Może nie “praktycznie takie same”, ale tak samo albo podobnie “bezcharakterne” – dorzuciłbym jeszcze Toby’ego do tej listy. A tak na marginesie to kupując kiedyś jakiś multiefekt, ogrywałem go u sprzedającego na Peavey’u Millenium i byłem bardzo pozytywnie zaskoczony niesamowitą wygodą gryfu i fajnym brzmieniem tego budżetowego wiosła – a czasem można je tanio wyrwać. A z tanich Yamah, to mnie najbardziej leżały stare modele ATT i ATT Plus…
EDIT:
Co prawda robimy tu “żyd czelendż” ale zamiast tego Kustoma KXB200 wolałbym dołożyć 100-150zł (bo gość zakłada negocjacje) i zapodać to:
ULEK zaorane.
700zł LOL – no faktycznie – TO jest oferta.

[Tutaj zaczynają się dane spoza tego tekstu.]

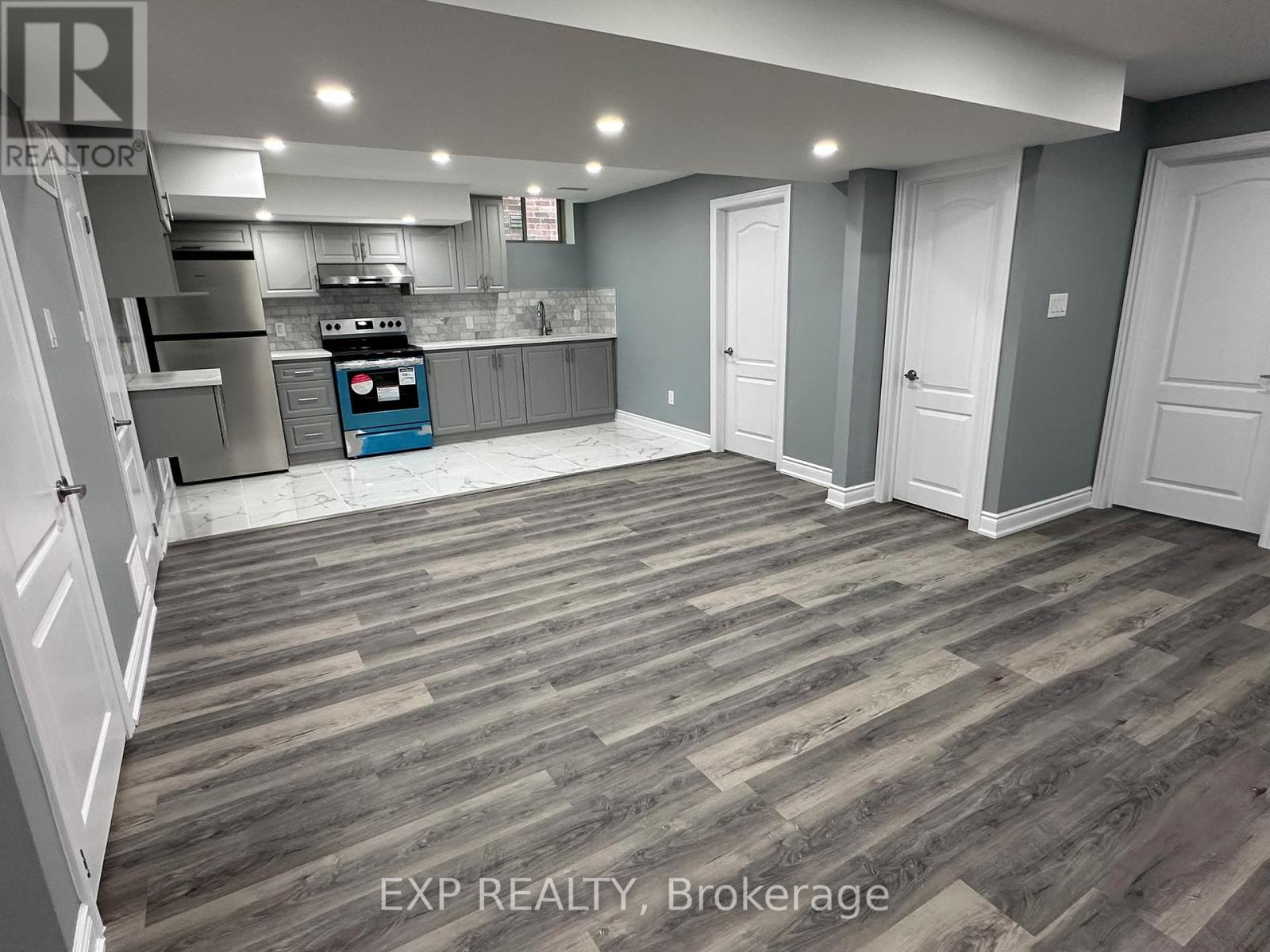 31 Lorne Thomas Place, New Tecumseth photo 11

Chyba za 700zł nie da się lepiej. Ja grałem na wersji 110 tego comba (jest taka – chyba 150 czy 200W na 110) i było fantastyczne. Wersja na 210 to musi urywać dupę.
700 za Byczka!!! Brać, brać i jeszcze raz brać!!! Jak mam starszą wersję jeszcze jako Box Electonics B410, na 2×10″. Dwa preampy lampa + tranzystor. BARDZO głośne combo (320 W – max 400 W), z bardzo szybkim atakiem. Nie muli, super selektywne.
a czy ten temat delikatnie nie powiela Okazje/alegro/olx itd. ?? Bo mi sie wydaje ze tak, i robi sie niezly bajzel na kołkach.Po co pisać o tym samym w dwóch tematach.